USB Gone Bad
There has been a lot of talk in the press and across the industry about a new vulnerability called bad USB. It was unveiled a short time ago at the Black Hat conference and although there has been a lot of discussion about it, the overall details about it are largely unknown.
The first thing that comes to mind is that USB vulnerabilities have been around forever (particularly with thumb drives and hard drives). These have, and always will be a giant attack vector that many users and organizations are already protected against.
However this threat is different. As a matter of fact it is downright freighting, as there really is no surefire way (currently) to fully protect ourselves from it. To make matters worse, it has been around since USB itself has been around. Making the potential scope of the threat enormous.
The issue stems from the very nature of USB itself. The way that it works is that a USB device is a computer. It is a computer that has software running on it, or more specifically firmware.
When a USB device is plugged into a computer, it tells the computer what it is and the computer trusts it implicitly. Drivers are installed and the device works. The problem is that in the case of most USB devices, particularly storage devices, this firmware is not ROM or Read Only. This means that anyone, at any time, could modify that firmware to do various types of damage.

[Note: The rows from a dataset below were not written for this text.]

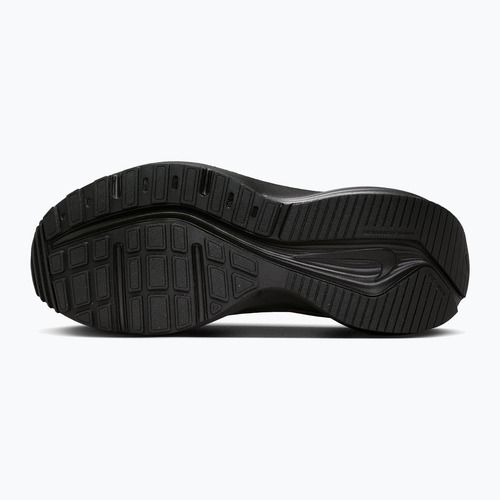 Кросівки для бігу жіночі Nike Downshifter 14 black/anthracite/black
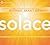 Solace: Music for Emotional Healing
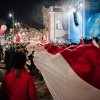 Festiwal Niepodległa na Krakowskim Przedmieściu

For example, an attacker could deploy software that installs a USB drive device as drive and a keyboard. This would happen unbeknownst to the user, as they would only be notified that a drive was installed. The hidden keyboard drivers could then turn the device into a key logger and send passwords back to a command and control server. Even worse, the keyboard driver could be used to take over the BIOS of the computer, making it completely undetectable. Malware can also easily be deployed and/or executed from hidden partitions without requiring user knowledge or interaction. This could be in the form of traditional zero day malware that is used to propagate, morph and exfiltrate data. Or it could be used to do malicious activity such as modifying DNS configurations, pointing machines to bad DNS servers.
The most troubling aspect of this is that there is little to nothing that end users (and organizations) can do about it. Anti-Malware software cannot detect it as they do not have access to USB firmware. A USB firewall could be a future measure to protect devices, but they do not exist at this time. Formatting an infected operating system and re-installing it will not destroy the threat because plugging it back in will reinstall the driver and execute the malware again. Most devices have mice, keyboards, webcams, drives and a multitude of other USB devices that are connected at all times.
Today the only real prevention mechanism is endpoint software that uses whitelisting to only allow “trusted devices”. However, this is only a partial solution as not all USB devices have unique serial numbers. Whitelisting solutions such as Bit9+Carbon Black can also provide good forensic data, which can help identify anomalies in behavior to identify it, but that takes time. The response and resolution will be less than immediate, which unfortunately is not fast enough. Although these whitelisting technologies are not complete, they are the best solution that exists today. Operating systems themselves only have limited white listing capabilities, making a third party essential to leverage it.
The only true fix will come when USB manufacturers change their methods by either moving to a ROM based model for firmware, or by digitally signing the code to make identifying modified firmware possible. Systems could then block code that has been modified based on the digital signature.